I’m curious what the setup cost for libdivide is, since it has to find the multiplicative modular inverse of the divisor you pass in. You would need to count the trailing zeroes of the divisor, and then do a bunch of real div/mods for Euclid’s algorithm to get the inverse of the factor of the divisor that is coprime to 2**n?
I don’t think it works like that, the method you mention can only be used to divide multiples of the divisor. E.g. 11 is the modular inverse of 3 mod 16, and indeed we can use this to find 6/3 by calculating 6 * 11 = 66 = 2 mod 16. But we can’t use the same method to calculate 7/3, since it gives 7 * 11 = 13 which is obviously incorrect (although it is correct for 13 * 3 = 39, since 7 = 39 mod 16).
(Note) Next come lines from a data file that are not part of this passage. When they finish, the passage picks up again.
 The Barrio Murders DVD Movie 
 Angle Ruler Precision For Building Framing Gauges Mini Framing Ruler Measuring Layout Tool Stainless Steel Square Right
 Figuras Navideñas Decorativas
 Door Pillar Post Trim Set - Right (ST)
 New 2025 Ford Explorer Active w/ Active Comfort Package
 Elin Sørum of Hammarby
The following explanation doesn’t take into account vectorization; I don’t know exactly how it works (although I can make an educated guess I rather stick to what I know).
As far as I know, for a divisor d, libdivide precalculates a N-bit binary expansion of 1/d (rounded to closest with a preference to rounding up since it is easier). Then to do a division of an N-bit value, we multiply by the precomputed value, take the high N bits (so the multiplication needs to give this bits, so we need either a widening multiply or a multiplication that only gives these high bits), and shift them to the right.
So, essentially the precomputed value is m = (1 << k) / d for some suitable k >= N, and n / d is evaluated as (m * n) >> k.
Now, picking k still requires some theory, and the situation is slightly different for signed integers, but this is the gist of it.
I have implemented the optimization myself, I’d expect the one from libdivide to be similar:
Thanks! I’m sure I’ve seen the multiplicative modulo inverse used in practice for something, but I cannot remember what.